O infectologista manifestou preocupação com o ressurgimento do sorotipo 3 da dengue no país – que não circulava de forma epidêmica há mais de 15 anos. “Mas, independentemente do sorotipo, preocupa a grande quantidade de casos que a gente tem. Porque uma grande quantidade de casos implica uma grande quantidade de complicações e uma grande quantidade de possíveis óbitos”.
Confira a seguir os principais trechos da entrevista:
Filial Brasil: Nas primeiras semanas de 2024, o número de casos de dengue mais que dobrou em relação ao mesmo período de 2023, que já havia sido classificado porquê ano epidêmico. O que tem causado essa explosão de casos no Brasil?
Antonio Carlos Bandeira: Vários fatores têm causado essa explosão. O primeiro e mais importante têm sido as alterações climáticas. Houve agora, com o El Niño, nos últimos dois anos, uma combinação de muito calor no galeria que segue da Região Meio-Oeste e desce pela porção oeste das regiões Sudeste e Sul. Esse galeria climatológico acabou facilitando muito a disseminação do mosquito tanto para locais da Região Sudeste e, mais importante ainda, da Região Sul. Isso facilitou que o Aedes aegypti pudesse ser disseminado. Não só o Brasil, mas países circunvizinhos porquê Paraguai e Argentina viveram a mesma situação: uma chegada muito poderoso do Aedes aegypti. É um passo para estrear a ter epidemias de dengue, chikungunya e zika.
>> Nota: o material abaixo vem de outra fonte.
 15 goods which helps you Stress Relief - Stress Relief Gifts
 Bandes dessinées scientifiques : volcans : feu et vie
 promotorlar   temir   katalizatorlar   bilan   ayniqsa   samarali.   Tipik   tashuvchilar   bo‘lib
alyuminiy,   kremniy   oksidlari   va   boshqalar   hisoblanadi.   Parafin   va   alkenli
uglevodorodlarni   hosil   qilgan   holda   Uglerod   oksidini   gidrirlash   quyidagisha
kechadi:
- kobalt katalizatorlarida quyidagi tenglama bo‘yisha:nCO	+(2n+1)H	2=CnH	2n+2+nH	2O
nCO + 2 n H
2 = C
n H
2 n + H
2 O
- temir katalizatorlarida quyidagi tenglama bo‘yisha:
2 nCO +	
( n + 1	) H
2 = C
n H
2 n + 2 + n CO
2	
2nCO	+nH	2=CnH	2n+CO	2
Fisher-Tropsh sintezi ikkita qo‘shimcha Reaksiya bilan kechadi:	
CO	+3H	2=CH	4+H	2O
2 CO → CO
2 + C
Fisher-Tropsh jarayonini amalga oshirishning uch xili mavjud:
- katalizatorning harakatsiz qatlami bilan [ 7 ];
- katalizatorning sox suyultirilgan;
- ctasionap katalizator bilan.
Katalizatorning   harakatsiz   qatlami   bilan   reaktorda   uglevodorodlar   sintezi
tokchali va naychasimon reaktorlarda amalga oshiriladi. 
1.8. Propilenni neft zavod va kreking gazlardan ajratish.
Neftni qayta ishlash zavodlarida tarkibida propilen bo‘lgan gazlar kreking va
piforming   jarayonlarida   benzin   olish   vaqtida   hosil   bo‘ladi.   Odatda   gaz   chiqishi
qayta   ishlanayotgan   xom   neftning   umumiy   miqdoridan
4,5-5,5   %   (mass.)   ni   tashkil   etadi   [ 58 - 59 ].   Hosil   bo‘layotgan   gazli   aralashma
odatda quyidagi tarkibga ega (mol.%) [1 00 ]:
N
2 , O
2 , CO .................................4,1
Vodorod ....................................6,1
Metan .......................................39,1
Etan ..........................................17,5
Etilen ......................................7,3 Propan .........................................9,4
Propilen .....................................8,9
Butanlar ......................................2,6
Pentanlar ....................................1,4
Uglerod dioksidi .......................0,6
Outro fator é o desmantelamento que houve, de certa maneira, nos últimos anos, de uma vigilância mais proativa no sentido de instituir medidas porquê larvicida ou o famoso fumacê. Temos períodos que ficaram sem larvicidas. E o terceiro fator é pegar a população que é exatamente dessas regiões que citei e que eram virgens de dengue. Diferentemente da Região Nordeste, em que as pessoas frequentemente tiveram episódios pregressos de dengue. Nesses casos, a pessoa fica um pouco mais resistente, apesar de ainda poder pegar a doença por outros sorotipos. No caso da Região Sul, está todo mundo ali sem nenhum tipo de proteção anterior. E a vacina só agora está sendo pensada.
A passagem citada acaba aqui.